As often in his fiction, Dickens suggests his positives through a negative—Scrooge (finely named for his function), whose automatic response to Christmas jollity and benevolence is "Bah! Humbug!" In the opening "stave" he is seen rejecting the seasonal claims of family and of charitable giving and being penny-pinchingly mean to his clerk Bob Cratchit; in the final stave these denials are all rectified by the overnight-reformed Scrooge, who thenceforward "became as good a friend, as good a master, and as good a man, as the good old city knew." His conversion is mythical and magical, not a psychological process (Dickens called his method here "a whimsical kind of masque which the good humour of the season justified"). By supernatural means Scrooge revisits his past and sees what he has lost by sacrificing love to money lust, and he glimpses the bleak future that he and those dependent on him risk unless he mends his ways. In the "Christmas Present" episodes Dickens celebrates Christmas positively, with animated descriptions of the streets and shops on Christmas Eve, a superbly inclusive presentation of the Cratchit family's Christmas dinner (it has every appropriate anticipation, worry, triumph, congratulation, and sentiment, with due attention to the children for whom Christmas is so special an event), and an account of the fun and jollity in Scrooge's nephew's household. There is a sharp final reminder, too, of those excluded from the feast, symbolized by the two allegorical children Ignorance and Want, "wretched, abject, frightful, hideous, miserable." A typically Dickensian note of pathos is introduced by the crippled Tiny Tim, and the story appropriately ends with Scrooge's becoming "a second father" to him, "who did NOT die" (as he had done in Scrooge's vision of the future: Dickens thus eats his cake—the pathos of the Cratchits' grief over their bereavement—but has it complete when Tim survives.)

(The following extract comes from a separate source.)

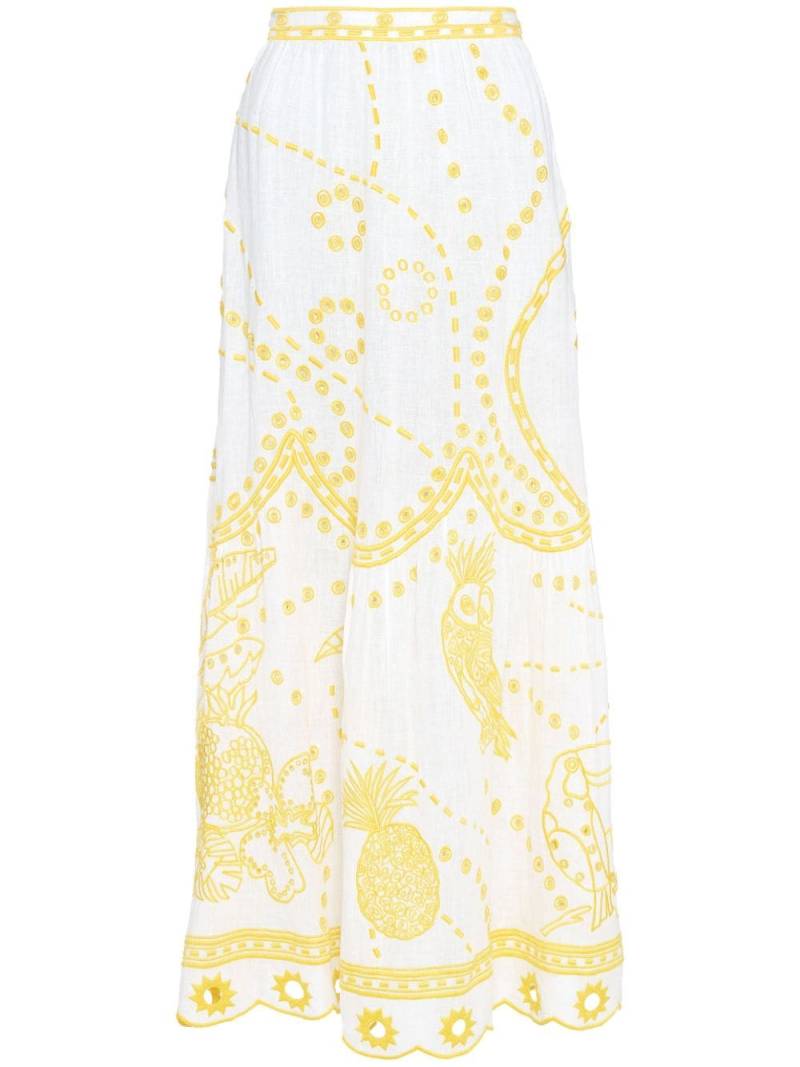 ERES Ambra embroidered maxi skirt - Yellow von ERES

"He went to church," we hear of the reformed Scrooge on Christmas Day, but that is almost the only reference to religion. It is a secular winter solstice festival that Dickens celebrates. The weather is appropriately "cold, bleak, biting … foggy withal" on Christmas Eve, though there is no fog on Scrooge's joyful Christmas morning, but rather "clear, bright, jovial, stirring cold; cold, piping for the blood to dance to," cold that offsets by contrast the physical and emotional warmth of the festive hearth and home. The stress is on benevolence, generous sentiment, family togetherness, and simple enjoyment by young and old and rich and poor—"a kind, forgiving, charitable, pleasant time," as Scrooge's nephew says on Dickens's behalf, "the only time … when men and women seem by common consent to open their shut-up hearts freely, and to think of people below them as if they really were fellow travellers to the grave, and not another race of creatures bound on other journeys." Scrooge's early unseasonable misanthropy does not threaten the ambient benevolence and high spirits. He is a thoroughly enjoyable miserly mugwump. As G. K. Chesterton remarked, "There is a heartiness in his inhospitable sentiments that is akin to humour and therefore to humanity; he is only a crusty old bachelor, and had (I strongly suspect) given away turkeys secretly all his life."

Dickens's annual Christmas items continued, almost uninterrupted, for 20 years and became a national institution, and he returned to the subject in his novels too, but he never again achieved such a perfect and (save in its religious dimension) comprehensive evocation of the Christmas spirit. Nor has any British writer before or since rivaled him in creating so potent a myth of this annual festival, experienced by many but surprisingly underrepresented in our literature. Henceforth, wrote a reviewer on 23 December 1843, anyone who wants to "understand what the real enjoyment of Christmas is … will have to read" this story—a pardonable exaggeration and an extraordinary prophetic accolade for a book then four days old.